Wells Fargo Investments LLC v. Caio Dean Dunson
Published: Jun. 22, 2013 | Result Date: Mar. 19, 2013 | Filing Date: Jan. 1, 1900 |Case number: 10-02139 Arbitration – $991,728
Facts
Wells Fargo Investments LLC filed a complaint against Ciao Dunson in connection with two Promissory Notes executed by Dunson in 2005 and 2006. Wells Fargo alleged that Dunson was liable for $803,165 in principal damages plus interest and attorney fees and costs. The Notes became due and owing upon Dunson's termination in 2009. Dunson denied any liability and asserted a counterclaim against Wells Fargo for breach of contract, breach of covenant of good faith and fair dealing, intentional infliction of emotional distress, interference with prospective economic advantage and wrongful termination.
Damages
Wells Fargo sought the principal balance of nearly $20,000 owed under the 2005 Note plus interest and $783,407 under the 2006 Note plus interest.
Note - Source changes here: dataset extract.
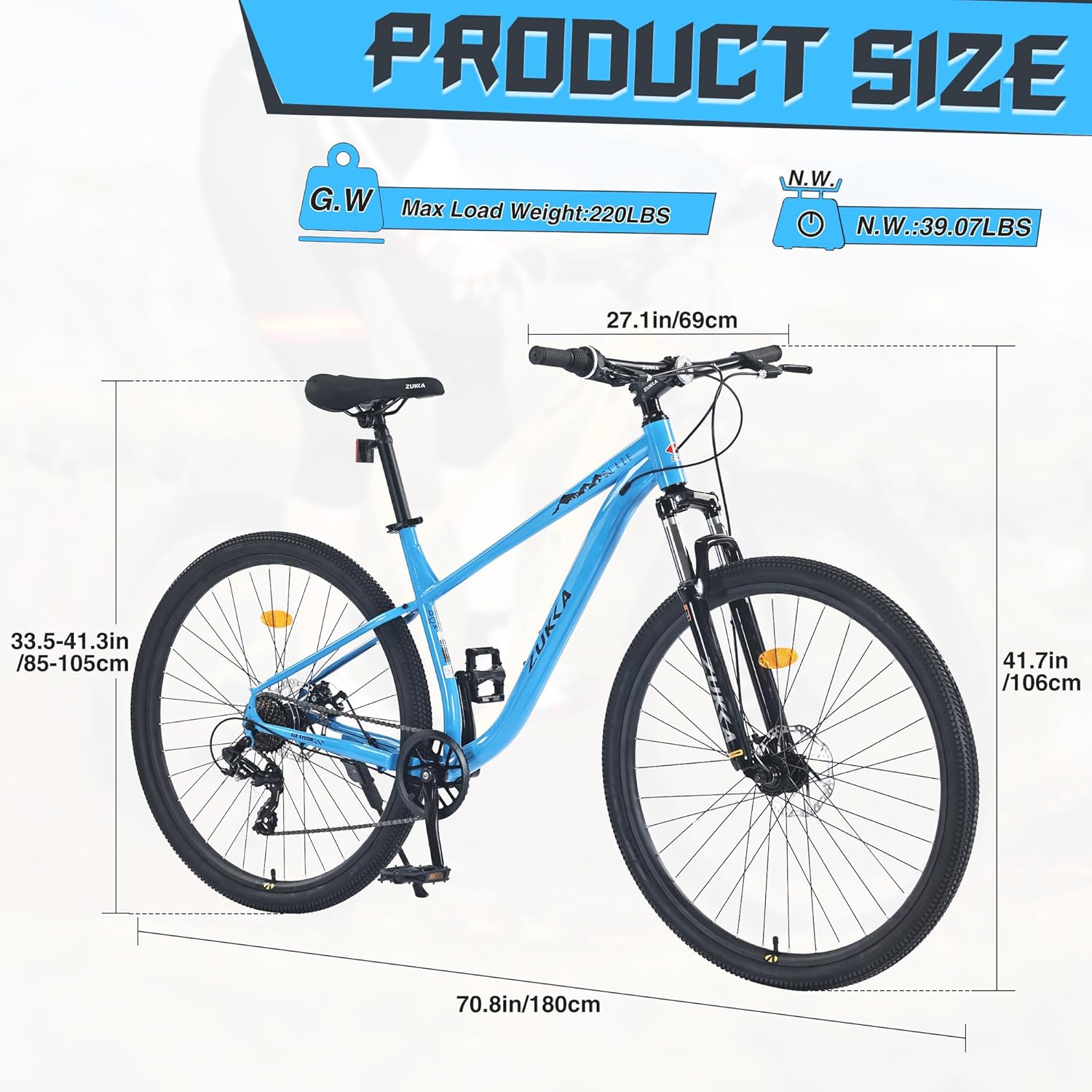 Mountain Bike 29 Inch 8 Speed Suspension Bicycle - Aluminium Steel Frame, Double Disc Brake MTB for Adults Men Women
Dunson sought expungement of the balance, reimbursement of loss income in the amount of $3 million, reimbursement of bonus for approximately $2 million, attorney fees, punitive and exemplary damages for $5 million and an order directing Wells Fargo to amend his records to reflect that he was terminated "in error."
Result
The FINRA Panel found Dunson liable to Wells Fargo in the sum of $991,728, which included the principal on both Notes plus interest and attorney fees and costs.